Charging on the Continent
Though they’re currently banned in the UK, pay-as-you-throw (PAYT) schemes where people pay for how much they use, following the ‘polluter pays’ principle, are popular on the Continent. Jennifer McDowall takes a trip around Europe to find out what we can learn from PAYT practitioners.
Flanders, Belgium
Flanders, the northern, Flemish-speaking region of Belgium and pay-as-you-throw (PAYT) devotee, has been hailed by some as the vanguard of waste management, achieving the highest diversion rate for household waste in Europe.

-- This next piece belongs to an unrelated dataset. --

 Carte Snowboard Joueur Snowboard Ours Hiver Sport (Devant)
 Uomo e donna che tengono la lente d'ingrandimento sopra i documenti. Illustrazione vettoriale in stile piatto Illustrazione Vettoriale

Before the implementation of the first Flemish Waste decree in 1981, however, all Flemish authorities had their own landfill sites.
A lack of space, a large population, the environmental challenges associated with landfill sites and ‘NIMBYism’ were some of the reasons for the introduction of waste management schemes such as PAYT, according to Jan Verheyen of OVAM, the region’s public waste agency: “If you have a population of 400 or 500 inhabitants per square kilometre like in Flanders, that means almost everyone lives or works in the vicinity of an incineration plant or an old landfill site, and nobody likes that. That’s why there was a lot of pressure, both environmental and spatial, to find other solutions for our waste.”
These pressures gradually changed the way the region dealt with its waste, starting with improving landfill sites and phasing in incineration facilities. However, it was PAYT, which was not implemented until the mid-’90s despite being embedded in the Waste Decree of 1981, that was the driver behind the high levels of recycling now achieved by the region.